Following up on the things my cousin asked me journey, today we are talking about what could be in the next 12 months. (For the pedants in the crowd, we’ll be talking about just 2018 because that is what works for me.)
Podcast
I have an idea for a podcast that has been rattling around in my head for some time. I have ideas I would like to share. More interesting to me, though, is that I have friends and family that have done and still do amazing things. I know of times when they have worked through trials that seem ordinary but are really the steps of change that make the world a better place.
A couple weeks after I was asked what I plan to do in the next 12 months I went through the technical roadblocks and set up a podcast. I have a placeholder episode out there so that I can work through the mechanics of recording, production, hosting, and distribution. My past work gave me a leg up in hosting and distributing myself and that has felt empowering. I am going to keep the placeholder episode out there while I get more episodes “in the can”.
Quick tangent: I had everything set up for regular production. Recording software with proper EQ for my voice, intro and outro music, artwork, folders sorted and organized. I was ready to go. Then I started sweating about the quality of what I wanted to say; the half-baked thoughts that aren’t ready for primetime, the lack of perfection that will be apparent as I get rolling on these. And I created mental blocks. Do you know what happened next? Something Apple calls “liquid damage”.
A glass of water was spilled on my laptop.
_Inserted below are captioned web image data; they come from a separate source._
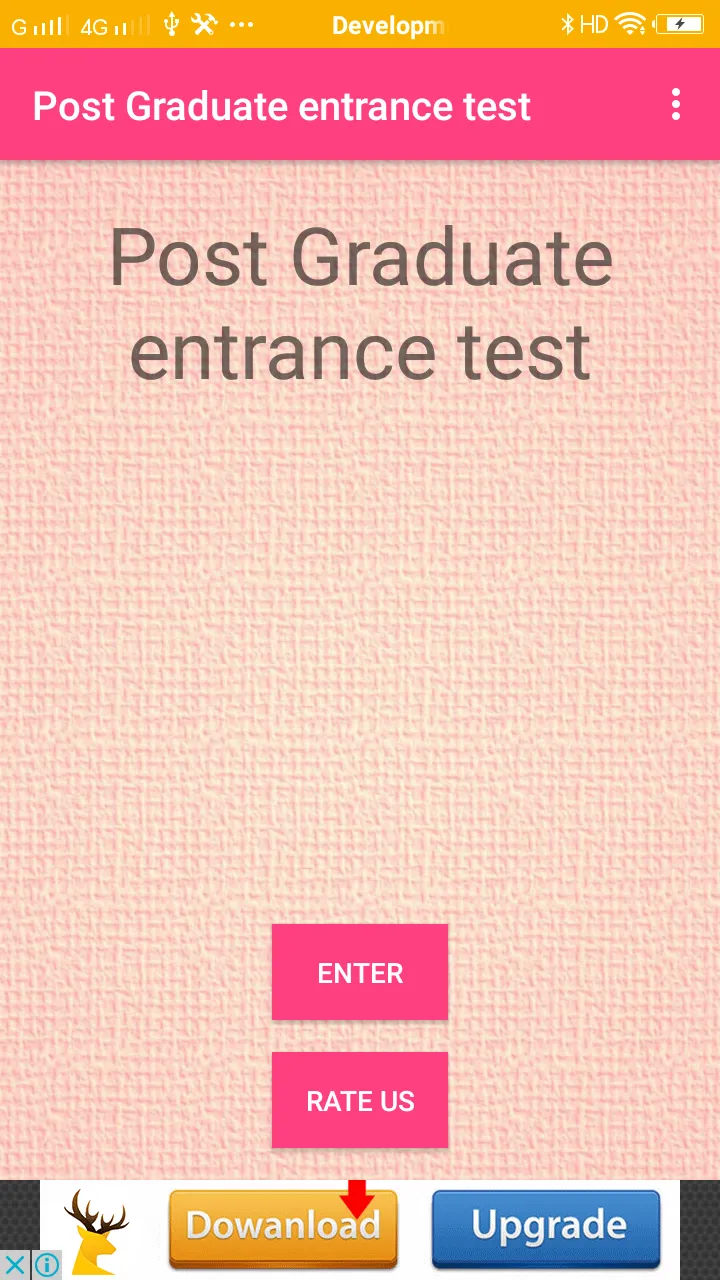 Post Graduate entrance test | Indus Appstore | Screenshot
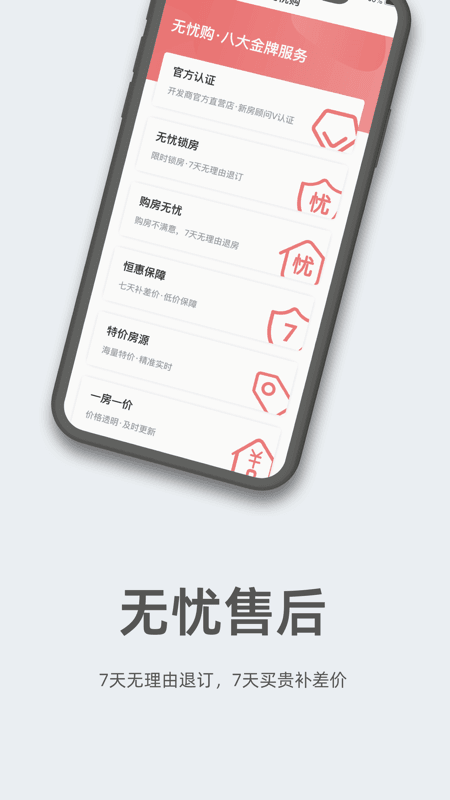 恒惠房.png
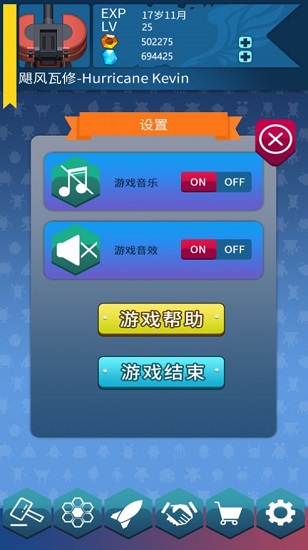 讓炮彈飛游戲下載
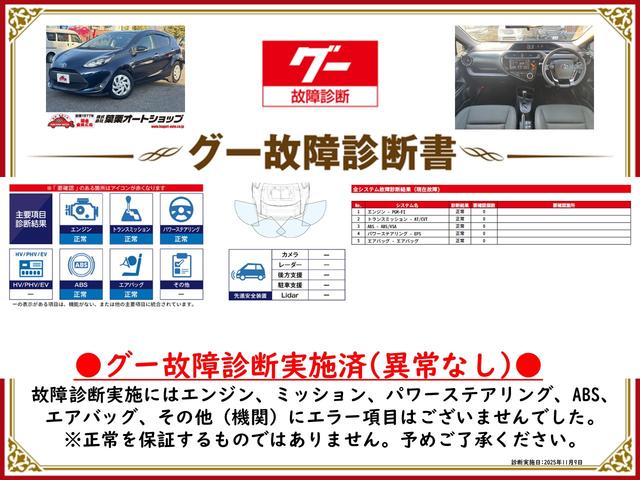 アクア Sスタイルブラック ドライブレコーダー ETC クリアランスソナー レーンアシスト 衝突被害軽減システム オートマチックハイビーム オートライト スマートキー アイドリングストップ 電動格納ミラー CVT(2枚目)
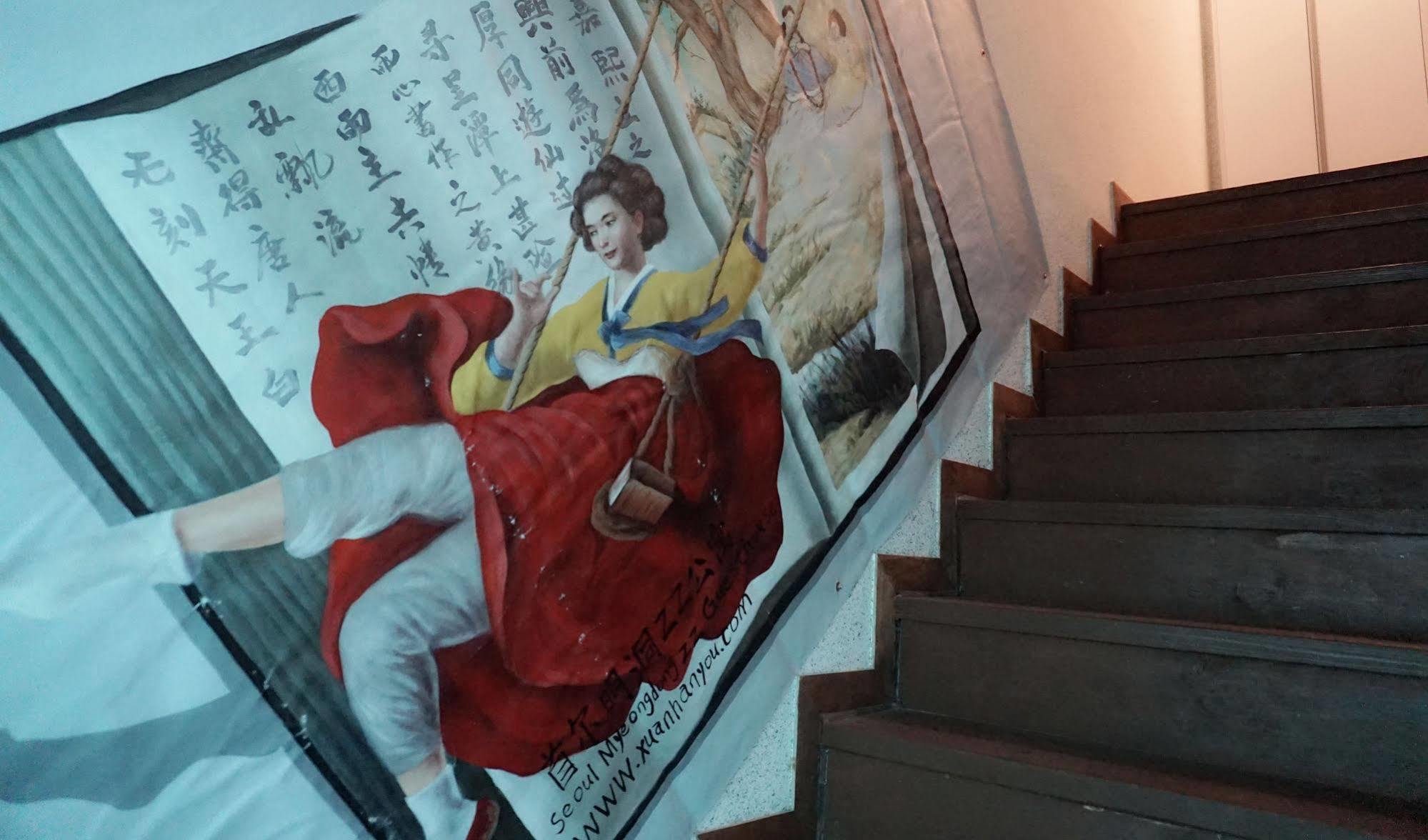 Myeongdong Guesthouse Szöul Kültér fotó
First time that has happened in my 23 years of working on computers. And everything was gone. Coincidence? I can see where what you know in life leads you there. But I can only see the physical world reflecting my headspace. That got my attention. I can get it all going again and I will. There will be a delay but the “wake up” (and the cost to fix, oof) have given me a reassurance of what I want to do and why. So there’s that.
Public Talks
My friend Dave challenged me years ago. He knows my love for standing in front of large groups of people and engaging with them. And he likes to get in the uncomfortable places and stir things up. To wit:
Dave: “What is the TED talk going to be about?”
Me: “What? Huh? I have no idea what I would say. What do you think I should talk about?”
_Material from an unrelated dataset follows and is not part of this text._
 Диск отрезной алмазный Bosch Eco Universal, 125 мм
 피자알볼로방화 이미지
Dave: “You’re an opinionated guy with lots of thoughts. You’ll get it.”
I can confidently say that I have not figured that out. Nor is there an invitation to TED on the near horizon. With those caveats and mental blocks out of the way, whew. (So much baggage in creating. Part of my work in my head today is clearing out the space to do the work.)
Here we go: another friend of mine said I should deliver a talk on Emotional Intelligence in IT. I have worked in technology for two decades after having taken a skills test that said, “Never sit at a desk for 8 hours a day working on a computer! You will likely be miserable.” For the most part that test was correct. I’m not built to sit quietly at a desk all day.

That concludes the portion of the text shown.